Opinión Internacional

El terrorismo novelado

El triunfo electoral de Hamás en las elecciones palestinas ha levantado una gran polvareda mediática que tardará en disiparse. No es fácil para muchos aceptar que llegue al poder, mediante un genuino proceso democrático, un partido político que viene apoyando y ejerciendo la violencia terrorista.

Muchos comentarios pecan de parcialidad, si no de hipocresía, al igual que algunas declaraciones oficiales de destacados líderes políticos del mundo occidental. Piden que Hamás renuncie a la violencia, sin mencionar la violencia continua que ejerce Israel sobre el pueblo ocupado. Que Hamás detenga los atentados terroristas, sin demandar a Israel que paralice para siempre los asesinatos selectivos. Los mismos que exigen a Hamas que cumpla con las exigencias del decoro internacional y reconozca al Estado de Israel, olvidan que éste incumple sistemáticamente muchas resoluciones de la ONU, sin que nadie le amenace por ello con represalias.

Por todo ello, es interesante recurrir a una novela del conocido escritor argelino Yasmina Khadra, que previsiblemente se titulará El atentado cuando se publique en versión española (L’attentat, Juillard, 2005). Está en la línea de tantas obras de ficción que, centradas sobre un tema de gran actualidad política, aportan elementos de reflexión que ayudan a entenderlo mejor.

El protagonista de la narración es un prestigioso cirujano israelí de origen árabe, que trabaja en un hospital de Tel-Aviv.
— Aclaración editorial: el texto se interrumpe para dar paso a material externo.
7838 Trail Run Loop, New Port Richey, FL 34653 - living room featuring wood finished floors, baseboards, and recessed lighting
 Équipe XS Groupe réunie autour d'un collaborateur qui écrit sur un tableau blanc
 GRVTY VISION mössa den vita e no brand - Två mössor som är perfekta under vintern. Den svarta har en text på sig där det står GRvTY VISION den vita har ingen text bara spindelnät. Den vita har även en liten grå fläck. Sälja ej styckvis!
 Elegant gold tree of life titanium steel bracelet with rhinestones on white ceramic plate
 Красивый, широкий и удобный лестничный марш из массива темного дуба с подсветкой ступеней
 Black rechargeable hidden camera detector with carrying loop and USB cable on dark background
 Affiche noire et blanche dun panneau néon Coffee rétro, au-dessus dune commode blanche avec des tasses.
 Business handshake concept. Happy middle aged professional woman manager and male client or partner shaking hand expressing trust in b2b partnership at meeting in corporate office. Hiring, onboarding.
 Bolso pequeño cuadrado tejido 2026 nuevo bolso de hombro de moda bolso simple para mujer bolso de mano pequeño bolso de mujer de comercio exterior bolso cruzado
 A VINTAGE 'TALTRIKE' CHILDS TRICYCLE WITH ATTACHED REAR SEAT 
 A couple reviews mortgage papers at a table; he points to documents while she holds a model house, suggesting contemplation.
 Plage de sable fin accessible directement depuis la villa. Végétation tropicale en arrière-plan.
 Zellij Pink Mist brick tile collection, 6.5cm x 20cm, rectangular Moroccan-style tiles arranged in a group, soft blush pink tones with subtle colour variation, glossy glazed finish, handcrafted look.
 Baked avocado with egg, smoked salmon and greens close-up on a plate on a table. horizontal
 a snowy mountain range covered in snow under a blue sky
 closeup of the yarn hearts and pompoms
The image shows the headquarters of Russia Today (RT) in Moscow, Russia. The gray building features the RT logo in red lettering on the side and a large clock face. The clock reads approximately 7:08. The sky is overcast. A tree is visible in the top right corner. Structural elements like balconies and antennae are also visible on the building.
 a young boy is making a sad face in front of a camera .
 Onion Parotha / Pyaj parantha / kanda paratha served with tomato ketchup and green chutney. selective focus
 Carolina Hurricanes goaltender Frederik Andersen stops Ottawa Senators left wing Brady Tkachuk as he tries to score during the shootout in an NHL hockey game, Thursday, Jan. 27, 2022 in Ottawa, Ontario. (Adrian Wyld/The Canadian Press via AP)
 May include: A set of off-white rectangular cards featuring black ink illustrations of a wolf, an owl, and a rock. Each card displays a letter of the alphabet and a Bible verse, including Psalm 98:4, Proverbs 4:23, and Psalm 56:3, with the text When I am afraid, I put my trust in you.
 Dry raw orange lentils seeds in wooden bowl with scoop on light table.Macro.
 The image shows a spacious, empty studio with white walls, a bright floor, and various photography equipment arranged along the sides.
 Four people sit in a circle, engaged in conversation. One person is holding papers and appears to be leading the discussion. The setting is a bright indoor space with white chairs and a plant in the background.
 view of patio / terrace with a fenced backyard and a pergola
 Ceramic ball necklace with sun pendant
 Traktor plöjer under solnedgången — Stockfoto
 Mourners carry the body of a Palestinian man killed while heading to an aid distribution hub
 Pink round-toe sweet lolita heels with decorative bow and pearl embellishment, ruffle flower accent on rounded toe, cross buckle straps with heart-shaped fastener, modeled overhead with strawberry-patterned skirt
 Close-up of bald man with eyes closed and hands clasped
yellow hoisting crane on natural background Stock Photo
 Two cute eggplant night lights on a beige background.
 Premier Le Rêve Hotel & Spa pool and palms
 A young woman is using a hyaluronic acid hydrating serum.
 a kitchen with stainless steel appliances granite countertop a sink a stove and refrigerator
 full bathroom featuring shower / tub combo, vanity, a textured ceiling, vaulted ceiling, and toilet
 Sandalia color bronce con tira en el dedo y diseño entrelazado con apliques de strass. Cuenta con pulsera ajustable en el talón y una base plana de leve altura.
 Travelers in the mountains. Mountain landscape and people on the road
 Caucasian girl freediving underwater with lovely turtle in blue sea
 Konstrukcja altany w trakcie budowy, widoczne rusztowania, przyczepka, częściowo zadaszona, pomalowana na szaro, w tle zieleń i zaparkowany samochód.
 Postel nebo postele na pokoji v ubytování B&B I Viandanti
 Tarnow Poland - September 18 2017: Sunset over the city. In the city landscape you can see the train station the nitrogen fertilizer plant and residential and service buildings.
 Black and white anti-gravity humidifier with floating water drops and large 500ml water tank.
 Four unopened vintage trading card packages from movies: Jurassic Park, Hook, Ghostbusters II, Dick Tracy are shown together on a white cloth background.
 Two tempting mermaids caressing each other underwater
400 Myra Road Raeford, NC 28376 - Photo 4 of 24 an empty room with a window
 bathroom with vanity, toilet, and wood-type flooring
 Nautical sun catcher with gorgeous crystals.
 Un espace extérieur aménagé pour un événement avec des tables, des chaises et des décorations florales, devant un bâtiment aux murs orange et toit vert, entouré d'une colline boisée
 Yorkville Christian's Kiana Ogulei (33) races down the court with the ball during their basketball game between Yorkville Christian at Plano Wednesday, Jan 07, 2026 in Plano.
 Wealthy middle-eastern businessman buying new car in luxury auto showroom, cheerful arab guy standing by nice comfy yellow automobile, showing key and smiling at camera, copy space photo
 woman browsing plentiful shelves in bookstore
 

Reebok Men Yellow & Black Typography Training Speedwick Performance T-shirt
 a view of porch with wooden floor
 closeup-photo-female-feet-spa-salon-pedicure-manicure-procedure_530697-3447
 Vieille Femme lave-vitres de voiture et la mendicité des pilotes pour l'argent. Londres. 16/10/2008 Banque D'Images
Tras un salvaje atentado terrorista que pone a prueba la capacidad del centro sanitario y su propia pericia médica, descubre que el suicida es su propia esposa, con la que compartía una plácida e ilusionada prosperidad burguesa, alejados del conflicto que sufren sus compatriotas. Hasta el final de la obra, el doctor tratará de averiguar las causas por las que su mujer ha actuado de modo tan insólito y, para él, incomprensible. En ese peregrinar irá recogiendo ideas que a la vez que responden a su inquietante congoja permiten al lector pensar por su cuenta sobre la cuestión.

Cuando encuentra al terrorista inductor de su esposa, éste le habla así: “La vida me ha enseñado que se puede vivir muy pobremente, de migajas y promesas, pero que nunca se sobrevive a las afrentas. Y yo sólo he conocido esto desde que nací. Cada mañana, cada tarde. No he visto otra cosa en toda mi vida”. Le explica que se aprende a odiar en el momento en que se cobra conciencia de la impotencia propia. Y prosigue: “Quiero que entiendas por qué recurrimos a las armas, por qué los chavales se lanzan sobre los tanques como si fueran bombones, por qué nuestros cementerios están repletos, por qué yo quiero morir empuñando mis armas… por qué tu esposa se ha hecho volar en un restaurante. No hay peor catástrofe que la humillación. Es una desgracia inconmensurable. Le quita a uno el gusto por la vida. Mientras se espera a morir, sólo se tiene una idea: cómo acabar dignamente tras haber vivido en la miseria, ciego y desnudo”.

El protagonista está obsesionado por una idea: “¿Desde cuándo mi mujer es islamista? No acabo de entenderlo. Era una mujer moderna, le gustaba viajar y nadar, saborear su limonada en la terraza del bar y apreciaba demasiado su pelo como para cubrirlo con un velo. ¿Qué le habéis dicho para convertirla en un monstruo, en una suicida integrista, ella que no soportaba ver llorar a un cachorrito?”.

La respuesta del jefe palestino es una breve lección de política práctica. “Un islamista es un militante político cuya única ambición es establecer en su país un estado teocrático, libre e independiente. Un integrista es un yihadista radical; no cree en los estados musulmanes, porque éstos deberán fundirse en un único califato que convertirá al islam a los países occidentales, los someterá o los destruirá. Pero nosotros no somos ni islamistas ni integristas. Somos los hijos de un pueblo expoliado y escarnecido, que luchan con las armas que tienen a su alcance para recuperar su patria y su dignidad”. “¿En qué planeta vives? —dice en otro momento— Nuestra patria es violada sin compasión, nuestros niños no recuerdan lo que es una escuela, nuestras hijas ya no sueñan con sus príncipes azules porque éstos prefieren la intifada, nuestros pueblos son aplastados bajo las cadenas de los tanques…”.

El autor de Las golondrinas de Kabul (el ex militar argelino cuyo seudónimo femenino tanto revuelo causó al ser descubierto) pone ahora en manos de los lectores una narración que llega al fondo del corazón y que puede ayudar a entender por qué un pueblo, el palestino, da a Hamás una amplia mayoría parlamentaria: porque lleva demasiado tiempo humillado y aplastado bajo la bota del ocupante y porque ya no confía en nada que no sea su propia desesperación.